Así se articula un protocolo no escrito, pero eficaz cuando la persona cae a una situación de extrema exclusión social: estigmatizar, limpiar, expulsar. Un protocolo que legitiman quienes con sus declaraciones y sus crónicas describen a las personas sin hogar que habitan el aeropuerto como un problema molesto, que avalan quienes ignoran y desprecian a las personas que encarnan esa situación de sinhogarismo como seres humanos con derechos. La política de la indiferencia institucional que en términos de derechos humanos alude directamente a la falta de diligencia debida, a la vulneración de derechos atentan contra la vida y la dignidad de la persona.
Es vergonzosa y una violación de los derechos, en este sentido, la decisión de AENA de restringir y vigilar el acceso al aeropuerto de Barajas. Una decisión que refuerza la construcción del estigma que patologiza la pobreza como si quienes están durmiendo en Barajas lo hacen no porque el sistema les ha fallado o directamente expulsado, sino porque son problemáticos. La solución no es limpiar los espacios e incrementar la seguridad, no es la lógica higienista que adoptan los gobiernos fascistas como el de Orbán en Hungría.
No se trata de defender que un aeropuerto sea una solución habitacional. Pero el debate no puede quedarse en si Barajas es o no el lugar adecuado, sin preguntarnos por qué no hay otro lugar. Por qué nadie ha garantizado un techo mejor. Por qué se prefiere esconder la pobreza antes que abordarla. Muestra una sociedad individualista que externaliza responsabilidades, que tolera la precariedad habitacional, que patologiza la exclusión en lugar de entenderla. Y lo muestra, además, en un lugar simbólico: un aeropuerto internacional, escaparate del país. Justo por eso molesta más.
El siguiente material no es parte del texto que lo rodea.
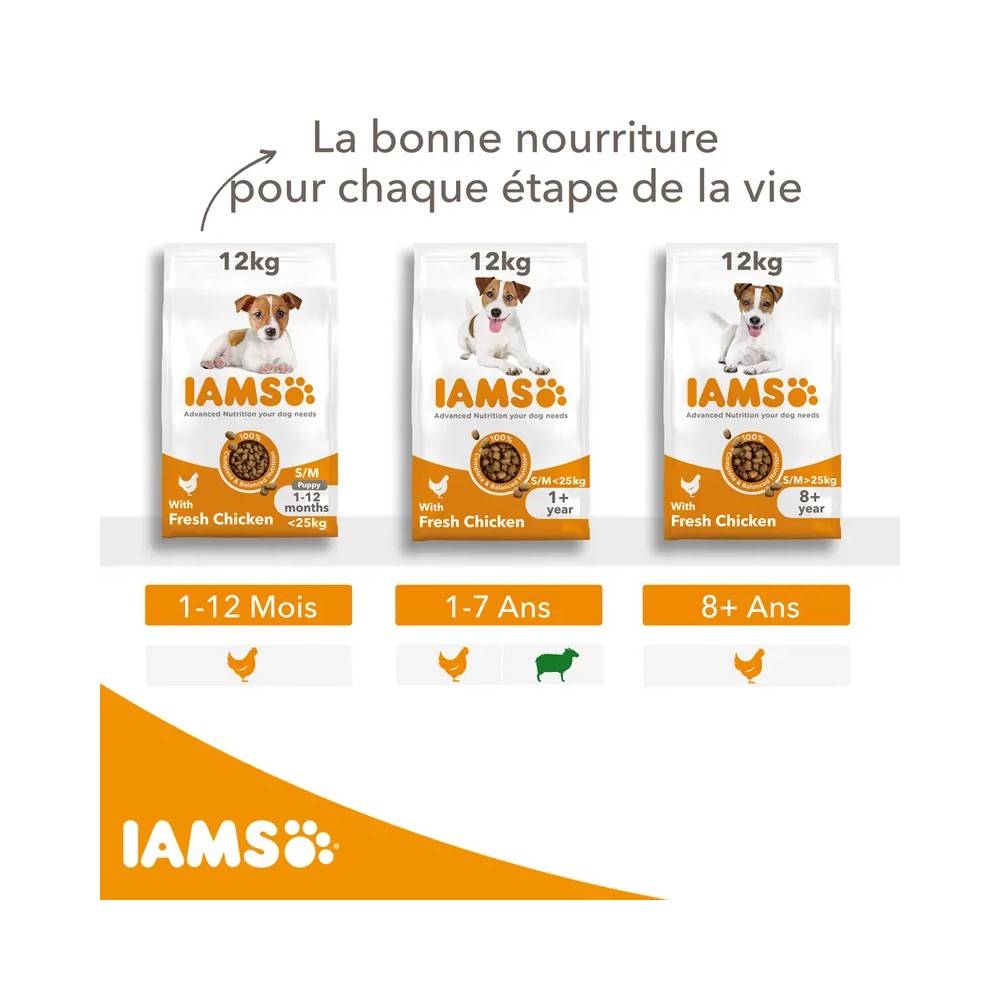 Croquettes chien Adult S/M Poulet - IAMS for Vitality 12 kg - Image 6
Quienes duermen en el aeropuerto no son una amenaza, no son delincuentes. Son personas sin casa, sin papeles, sin acceso a derechos. No solo sufren una exclusión material, sino también simbólica y política. Se les niega una ciudadanía básica. Y mientras sigamos mirándolos como un problema logístico, seguiremos reforzando esa exclusión. La solución no es más seguridad ni más controles. La solución es invertir en vivienda, salud, acompañamiento social. Es reconocer que detrás de cada historia hay una vida quebrada, no una amenaza. Y es, también, dejar de contar la pobreza desde el miedo o la sospecha. Los medios deben dejar de reforzar el estigma. Las instituciones, de esconder el fracaso tras el lenguaje técnico o la burocracia. Lo que molesta no es la pobreza. Lo que molesta es verla.
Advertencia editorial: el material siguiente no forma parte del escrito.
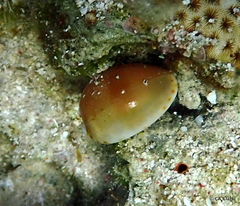 Cypraeidae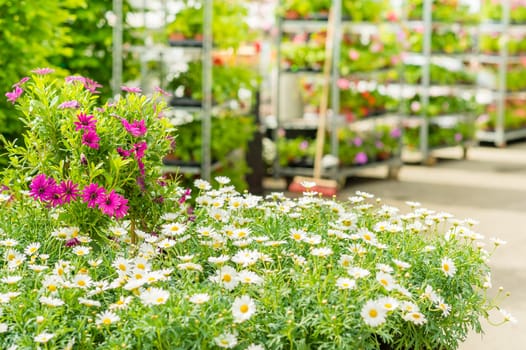 Green house shop with potted flowers at garden centre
Lo que incomoda no es la exclusión, sino que ocurra en lugares visibles, simbólicos, turísticos. Las personas sin hogar en Barajas no son el problema. El problema es que nadie ha querido construir una alternativa digna. Y mientras eso no cambie, seguiremos tratando la miseria como algo que hay que barrer, no como una injusticia que hay que reparar.